Já para as crianças de 18 meses, cada hora adicional por dia estava relacionada com uma chance de 23% mais de ela ter comportamentos sensoriais elevados relacionados à evitação de sensações e baixo registro quando chegasse aos 33 meses.
Enquanto isso, nas crianças de dois anos, cada hora extra por dia de tempo de tela estava relacionada com 20% mais chances de uma busca alta de sensações, sensibilidade sensorial e evitação de sensações já no ano seguinte.
Mesmo com várias variantes controladas, como a idade, o histórico de saúde, a educação dos cuidadores e a frequência com que a criança brincava ou caminhava com seus cuidadores, os pesquisadores pontuaram que as descobertas mostram que o tempo de tela é sim um fator significativo. Mas mais estudos são necessários para determinar se existiu alguma relação casual.
Cognição
O uso desordenado de tela é uma categoria de comportamentos problemáticos bem ampla. Nela estão inclusas dependência de tela e persistência no uso mesmo quando ele é prejudicial.
Tanto é que um estudo publicado na revista científica Neuropsychology Review fez a análise de 34 estudos anteriores que pontuavam as variadas formas do uso de tela, como por exemplo, jogos, navegação na Internet, uso de smartphones e uso de mídias sociais, e faziam comparações com o desempenho cognitivo das pessoas com o uso de tela desordenado com as que não tinham essa condição.
Como resultado foi visto que as pessoas que tinham um uso de tela desordenado tinham um desempenho cognitivo significativamente pior quando comparadas às outras pessoas. Esse desempenho inclui a capacidade de pensamento, como a atenção, memória, linguagem e resolução de problema.
De acordo com um artigo do The Conversation, pesquisadores da Universidade Macquarie e da Universidade Católica Australiana ressaltaram que essas descobertas sugerem que é preciso ter cuidado antes de defender um tempo de tela maior e as introduzir em mais aspectos da rotina.

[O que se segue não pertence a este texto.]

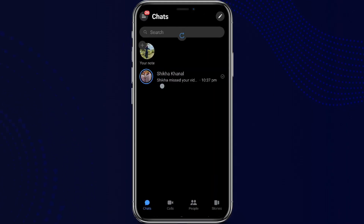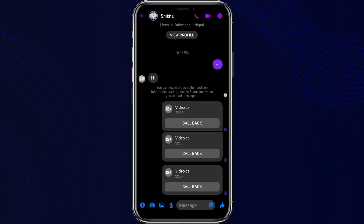Simply click on the account you would like to make a call to. Tap on this one, and at the top we can see there are three icons. The first one is the call icon.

Dentre todas as capacidades cognitivas, a mais afetada foi a atenção. Ainda mais especificamente, a atenção sustentada, que é a capacidade de manter o foco em um estímulo por um tempo longo. O segundo ponto que teve uma discrepância maior foi no “funcionamento executivo”, especificamente no controle de impulsos, que é a capacidade de controlar as próprias respostas automáticas.
Ainda de acordo com os pesquisadores, o que a pessoa está fazendo em frente à tela é irrelevante para os resultados. Além disso, essa tendência não ficou limitada às crianças, ela foi vista em todas as faixas etárias.
Por mais que os pesquisadores não tenham avaliado como o uso desordenado de tela resulta nessas alterações, existem explicações possíveis. A primeira é que esse uso desordenado leva a uma função cognitiva pior, como habilidades de atenção pioradas. Nesse caso, quando a pessoa desvia o foco para fora, esse uso de tela pode enfraquecer a capacidade intrínseca de concentração ao longo do tempo.
Outra hipótese é que as pessoas que já têm um funcionamento cognitivo mais deficiente têm uma probabilidade maior de ficarem envolvidas com o uso desordenado de telas. Isso pode acontecer como resultado de várias dicas viciantes que foram projetadas para manter as pessoas grudadas nas telas.
A consequência no nível de atenção das pessoas por conta das telas afeta a vida cotidiana delas. Até porque, atenção é a base das tarefas do dia a dia. Justamente por isso que as pessoas que têm uma atenção mais fraca podem ter dificuldade em acompanhar ambientes menos estimulantes, como por exemplo, o local de trabalho ou a sala de aula. Consequentemente, isso pode fazer com que elas se voltem para a tela.